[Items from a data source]
====
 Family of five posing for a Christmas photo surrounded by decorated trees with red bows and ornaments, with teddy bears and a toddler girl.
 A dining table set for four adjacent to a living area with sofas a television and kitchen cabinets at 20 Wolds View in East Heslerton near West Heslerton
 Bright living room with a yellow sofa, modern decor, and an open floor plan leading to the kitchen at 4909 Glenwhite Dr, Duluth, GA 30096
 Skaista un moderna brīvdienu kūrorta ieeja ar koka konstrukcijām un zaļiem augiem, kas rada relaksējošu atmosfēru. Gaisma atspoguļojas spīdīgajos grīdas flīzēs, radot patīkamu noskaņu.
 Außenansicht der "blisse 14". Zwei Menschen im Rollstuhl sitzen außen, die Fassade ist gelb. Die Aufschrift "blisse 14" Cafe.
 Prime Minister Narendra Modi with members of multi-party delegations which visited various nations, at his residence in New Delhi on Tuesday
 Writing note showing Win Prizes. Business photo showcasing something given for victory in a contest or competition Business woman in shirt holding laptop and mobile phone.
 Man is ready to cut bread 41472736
====
Problem
Only a number is wanted here: the tally of lines in the entries that include the word "photo".

Completed task
2